Po raz drugi nie udał się przetarg na zakup urządzeń do odcinkowego pomiaru prędkości przeznaczonych na most Poniatowskiego. Stołeczny Zarząd Dróg Miejskich poinformował więc, że zamiast tych urządzeń na przeprawie zostaną zamontowane fotoradary.
ZDM podchodził do przetargu na OPP dwa razy. Również w tym drugim zamówieniu okazało się, ze suma jakiej zażądał producent znacząco przekracza budżet. Warszawa była gotowa wydać na urządzenia ok. 1,9 mln zł, tymczasem jedyna oferta opiewała na ok. 5 mln zł.
Problem w znalezieniu dostawcy polega m.in. na tym, że, jak tłumaczy miejska spółka, tylko jedna firma w Polsce posiada stosowne certyfikaty dla takich urządzeń. Nikt inny się specjalnie o pozyskanie ich nie stara, bo sprzedaż OPP jest mało atrakcyjna. Może je użytkować tylko jeden podmiot w kraju, czyli Generalny Inspektorat Transportu Drogowego, a zamówienia składa raz na kilka lat.
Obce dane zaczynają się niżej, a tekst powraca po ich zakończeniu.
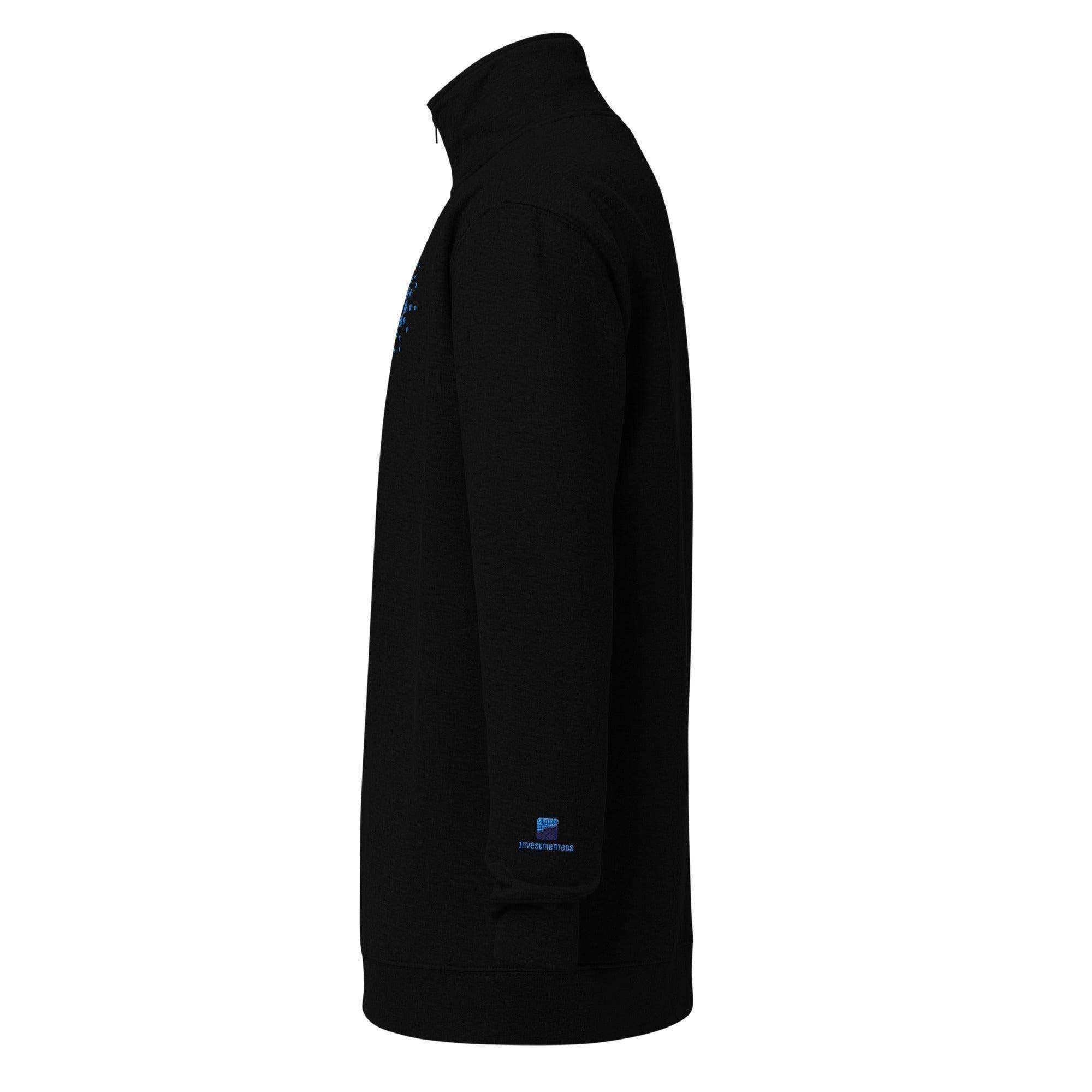 Cardano ADA Fleece Pullover - InvestmenTees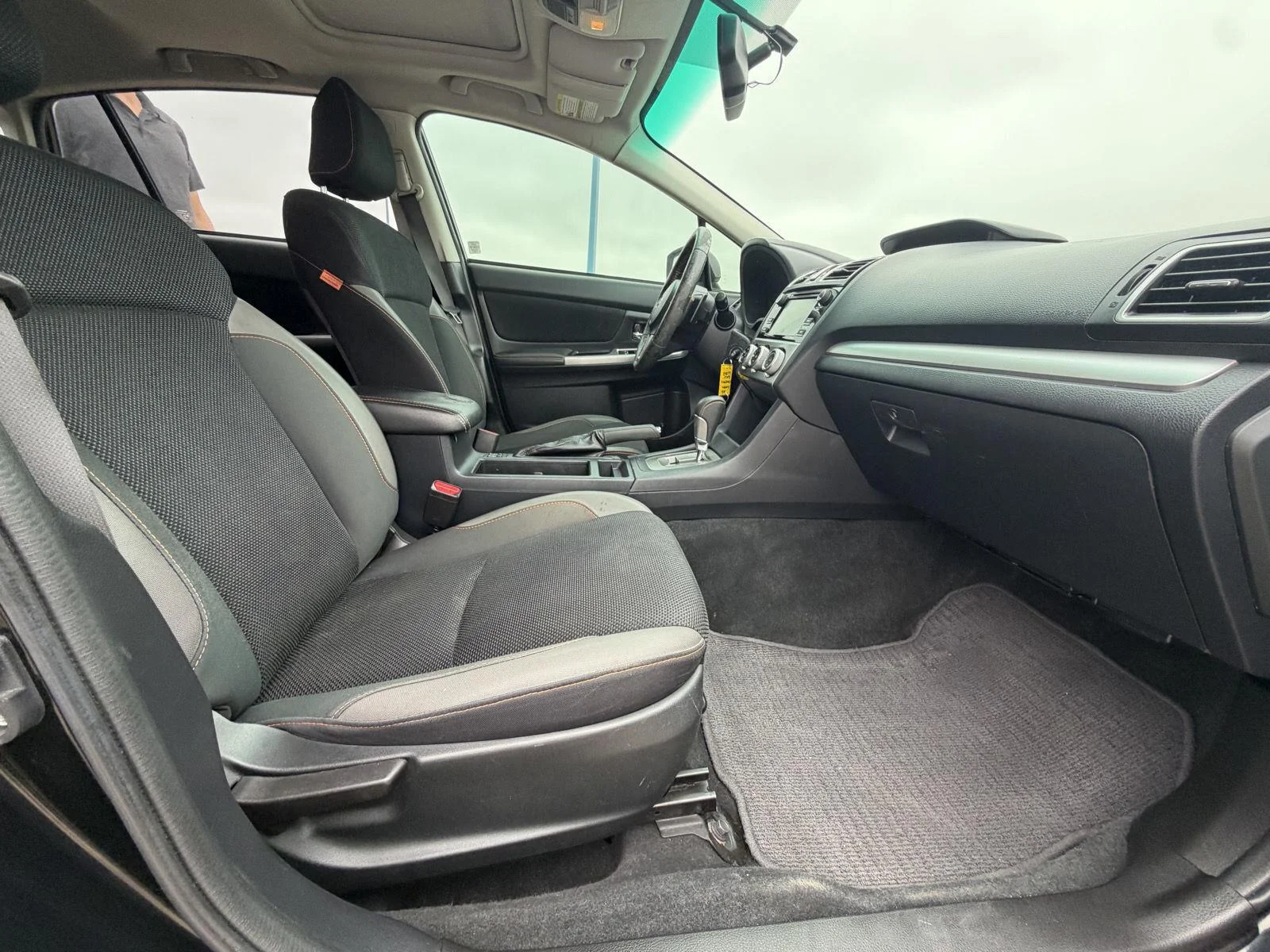 Used 2016 Black Subaru Premium image 16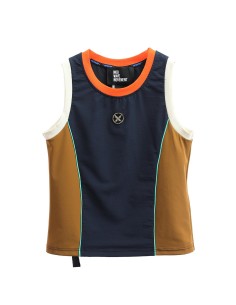 Mod Wave Movement - Camiseta Sin Mangas Technical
Takie urządzenia produkują zagraniczne firmy, ale one również musiałyby najpierw przejść procedurę certyfikacji w Głównym Urzędzie Miar.
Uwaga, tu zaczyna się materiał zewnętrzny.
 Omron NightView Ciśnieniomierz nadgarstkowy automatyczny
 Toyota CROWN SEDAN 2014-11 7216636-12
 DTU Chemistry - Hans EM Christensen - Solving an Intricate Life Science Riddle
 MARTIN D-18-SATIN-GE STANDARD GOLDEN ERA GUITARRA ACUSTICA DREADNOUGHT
W efekcie w ratuszu podjęto decyzję, że na moście zostaną zainstalowane cztery fotoradary. To o tyle gorsze rozwiązanie, że fotoradar można „oszukać” zwalniając przed nim i wciskając gaz do dechy po minięciu go (w przypadku odcinkowego pomiaru prędkości trzeba pilnować licznika na całym odcinku objętym kontrolą). To daje jednak nadzieję na rozstrzygnięcie. Urządzenia są tańsze, a dostawców jest więcej.
Miasto chce kupić urządzenia, choć zgodnie z prawem… nie może z nich korzystać. Kilka lat temu samorządom odebrano możliwość korzystania z podobnych urządzeni i karania kierowców przekraczających prędkość. Fotoradary trafią więc pod zarząd GITD, choć zostaną kupione i zamontowane za pieniądze miejskie. To też nie jest rozwiązanie idealne, bo GITD z obsługą fotoradarów sobie nie radzi, ale rządzący ignorują postulaty, by przywrócić miastom możliwość zarządzania nimi.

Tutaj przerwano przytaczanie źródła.